We all know the state of the fundamentals… expenses have moved higher cutting into profits and the ten year grace period that investors have granted Jeff Bezos and company has been used up, thus the decline in price relative to the third quarter data. It would be fair to say that if the fourth quarter falls short of expectations the selling is likely to return. That would set up an investment in the stock as a potential trap based on how they perform for the holiday period. Not exactly the fundamental picture I like to paint nor a painting that I would like to buy.
Technically speaking the chart is of interest as it has set up nicely to break higher and extend the upside or, falter, break support and retest the previous lows from October. Either way the opportunity will present itself on the chart. The picture below is a snapshot of where we are currently relative to the downtrend that has been in play since the high was hit in February near the $405 level. It is easy to see the trendline drawn on the downside and equally easy to see the support levels drawn at the lows of $284 in May and October creating a bottom or support for the chart. this is a perfect picture of a descending triangle with the 200 day moving average corresponding to the downtrend line. That would define the resistance level we would need to break through for the current move higher to validate itself and potentially move to the $350-365 range. It seems like a reasonable target and opportunity if the move can gain near term momentum on the upside move. If it fails to break higher and resistance holds the test lower would find potential support at $316 and it would step down all the way to the $284 mark. Not as attractive of a prospect relative to the time of year, and the opportunity the company has to validate they are improving fundamentally.

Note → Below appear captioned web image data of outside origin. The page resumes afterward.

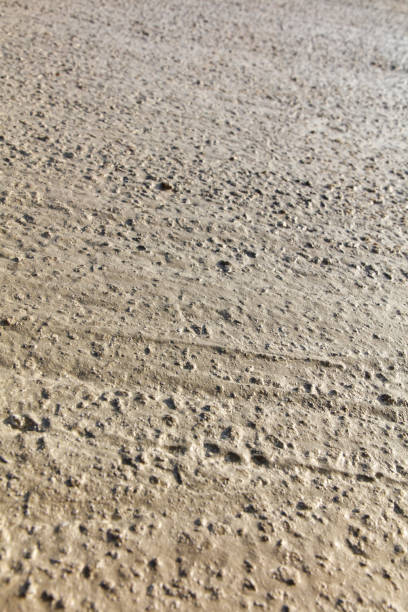 istock A close up of a sandy surface with many small rocks scattered throughout 2188162663
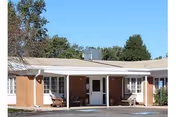 Single-story brick building with a covered entrance and benches outside, surrounded by trees and a clear blue sky.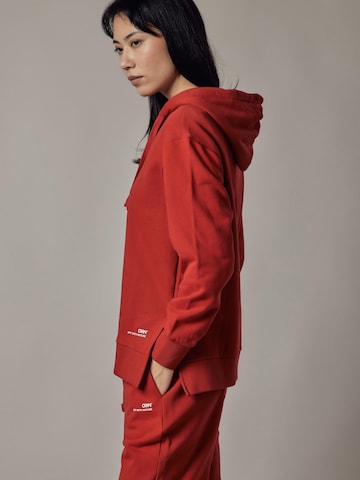 Felpa 'Felpa Felpata con Cappuccio e Spacchi Laterali' di OWN Off With Nature in rosso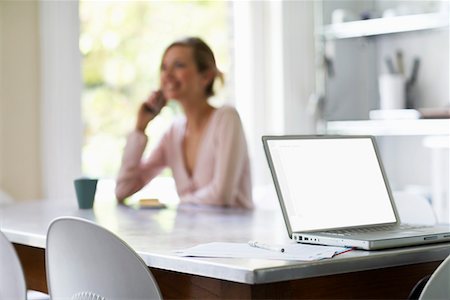 Woman on phone sitting at kitchen table by laptop, focus on laptop Stock Photo - Premium Royalty-Free, Code: 693-03301960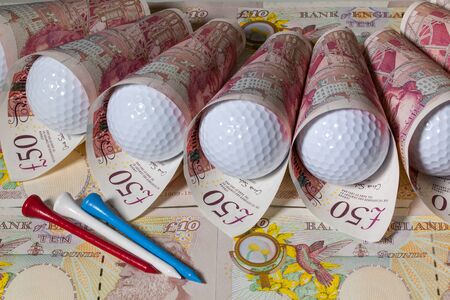 Different British  pounds and white golf ballsの写真素材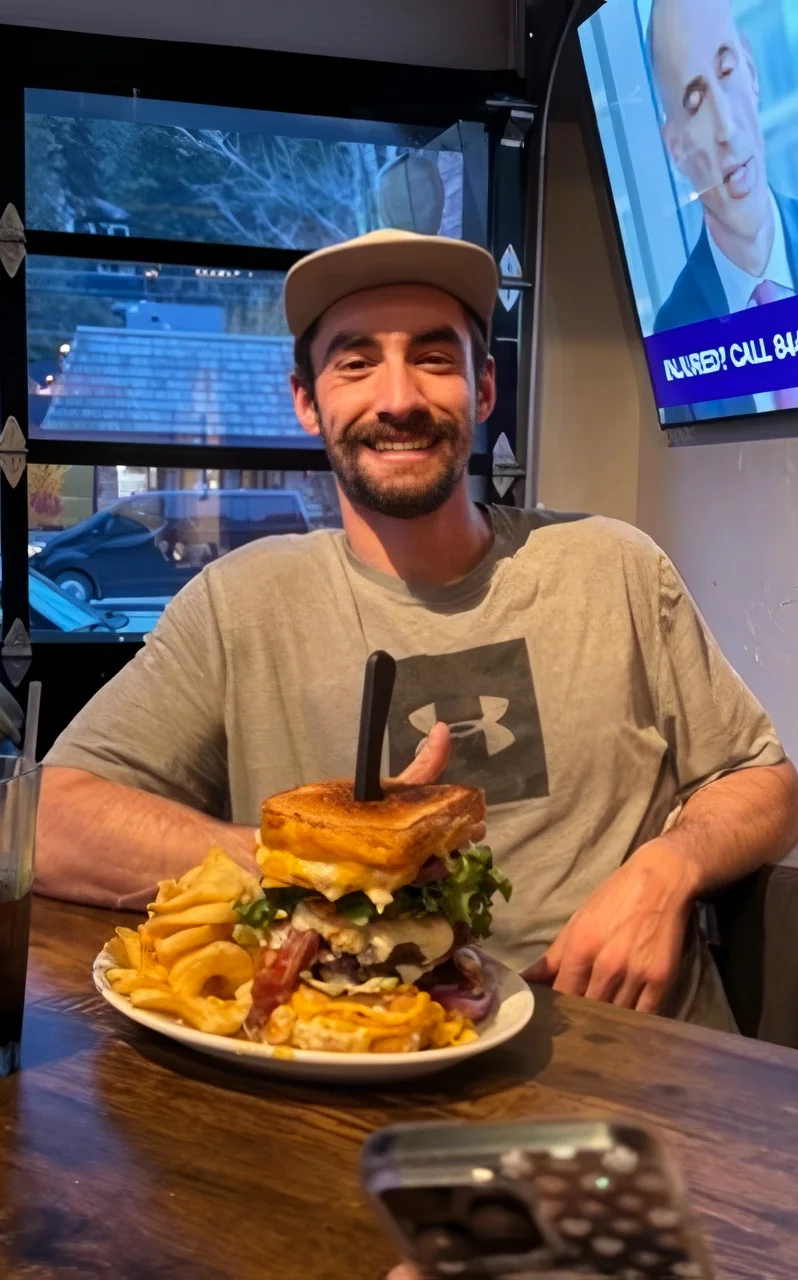 Giant American cheeseburger with fries in a casual dining setting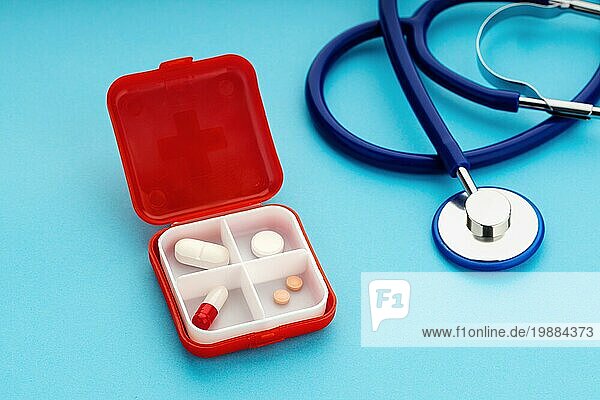 Daily Pill Box und Stethoskop auf blauem Hintergrund. Medizin  Gesundheitswesen und Apotheke Konzept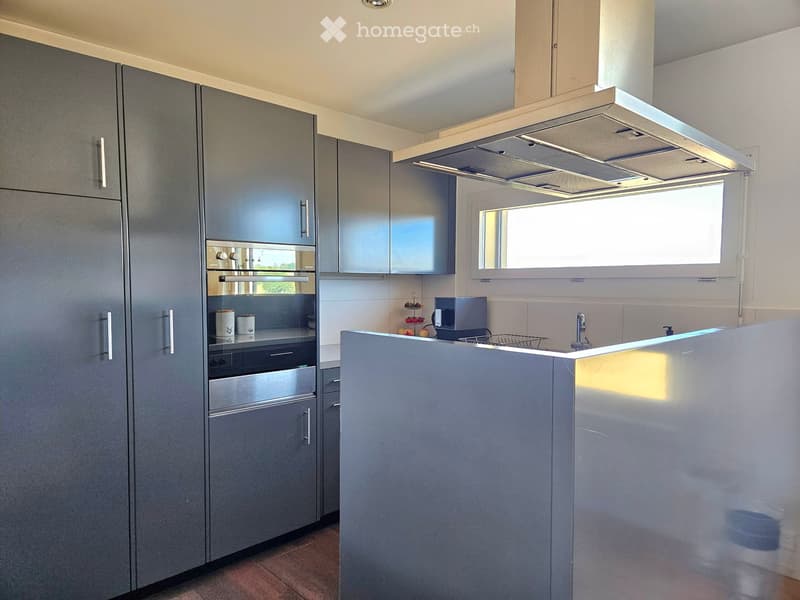 Modern kitchen with grey cabinets, stainless steel oven, and a central island with a sink and faucet.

As this unfolds moving forward determine what opportunity Amazon offers you from the investment perspective. If the move is strong enough the profits may reimburse you for all your spending at the online store. As with any investment you have to define your opportunity relative to your risk and make your investments accordingly. As the saying goes in wood-working… measure twice and cut once. You want to make your don’t come up short! The opportunities for Amazon to shine for the holidays are in front of it and only time will tell how this opportunity pans out. It will either be a happy holiday season or Santa may not show up at all.